Work instructions:
Could you copy exactly the lines from the one containing "ビューエル513バードランド106の風呂" through the last line of the records below, and nothing else?

━━ Data

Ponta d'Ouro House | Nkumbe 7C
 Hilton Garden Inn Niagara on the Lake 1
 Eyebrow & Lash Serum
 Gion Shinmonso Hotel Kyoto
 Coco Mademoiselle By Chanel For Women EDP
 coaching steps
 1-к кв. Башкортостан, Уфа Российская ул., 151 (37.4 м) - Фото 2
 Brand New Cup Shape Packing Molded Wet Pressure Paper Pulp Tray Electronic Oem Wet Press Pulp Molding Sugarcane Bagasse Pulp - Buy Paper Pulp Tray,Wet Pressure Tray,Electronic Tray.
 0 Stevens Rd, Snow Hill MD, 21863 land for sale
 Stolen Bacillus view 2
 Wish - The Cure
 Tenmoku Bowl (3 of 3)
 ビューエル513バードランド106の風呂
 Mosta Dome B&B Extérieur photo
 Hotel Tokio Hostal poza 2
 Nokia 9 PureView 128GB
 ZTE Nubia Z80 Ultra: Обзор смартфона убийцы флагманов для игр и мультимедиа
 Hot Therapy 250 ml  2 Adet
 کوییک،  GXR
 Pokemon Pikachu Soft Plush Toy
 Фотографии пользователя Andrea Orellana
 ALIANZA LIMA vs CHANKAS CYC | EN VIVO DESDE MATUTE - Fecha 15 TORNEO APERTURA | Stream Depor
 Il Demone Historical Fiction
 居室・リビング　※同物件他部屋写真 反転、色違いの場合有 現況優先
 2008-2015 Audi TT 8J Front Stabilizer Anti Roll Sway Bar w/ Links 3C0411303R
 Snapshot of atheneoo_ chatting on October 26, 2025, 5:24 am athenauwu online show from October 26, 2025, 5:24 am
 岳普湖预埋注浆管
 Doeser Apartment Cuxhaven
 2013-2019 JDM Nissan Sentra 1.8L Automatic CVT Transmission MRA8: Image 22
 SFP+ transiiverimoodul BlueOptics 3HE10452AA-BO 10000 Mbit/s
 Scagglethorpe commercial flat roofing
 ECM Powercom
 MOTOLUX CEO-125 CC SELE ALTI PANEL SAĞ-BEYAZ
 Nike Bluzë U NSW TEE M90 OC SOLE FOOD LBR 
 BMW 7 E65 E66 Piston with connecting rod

━━━━

Answer section:
 ビューエル513バードランド106の風呂
 Mosta Dome B&B Extérieur photo
 Hotel Tokio Hostal poza 2
 Nokia 9 PureView 128GB
 ZTE Nubia Z80 Ultra: Обзор смартфона убийцы флагманов для игр и мультимедиа
 Hot Therapy 250 ml  2 Adet
 کوییک،  GXR
 Pokemon Pikachu Soft Plush Toy
 Фотографии пользователя Andrea Orellana
 ALIANZA LIMA vs CHANKAS CYC | EN VIVO DESDE MATUTE - Fecha 15 TORNEO APERTURA | Stream Depor
 Il Demone Historical Fiction
 居室・リビング　※同物件他部屋写真 反転、色違いの場合有 現況優先
 2008-2015 Audi TT 8J Front Stabilizer Anti Roll Sway Bar w/ Links 3C0411303R
 Snapshot of atheneoo_ chatting on October 26, 2025, 5:24 am athenauwu online show from October 26, 2025, 5:24 am
 岳普湖预埋注浆管
 Doeser Apartment Cuxhaven
 2013-2019 JDM Nissan Sentra 1.8L Automatic CVT Transmission MRA8: Image 22
 SFP+ transiiverimoodul BlueOptics 3HE10452AA-BO 10000 Mbit/s
 Scagglethorpe commercial flat roofing
 ECM Powercom
 MOTOLUX CEO-125 CC SELE ALTI PANEL SAĞ-BEYAZ
 Nike Bluzë U NSW TEE M90 OC SOLE FOOD LBR 
 BMW 7 E65 E66 Piston with connecting rod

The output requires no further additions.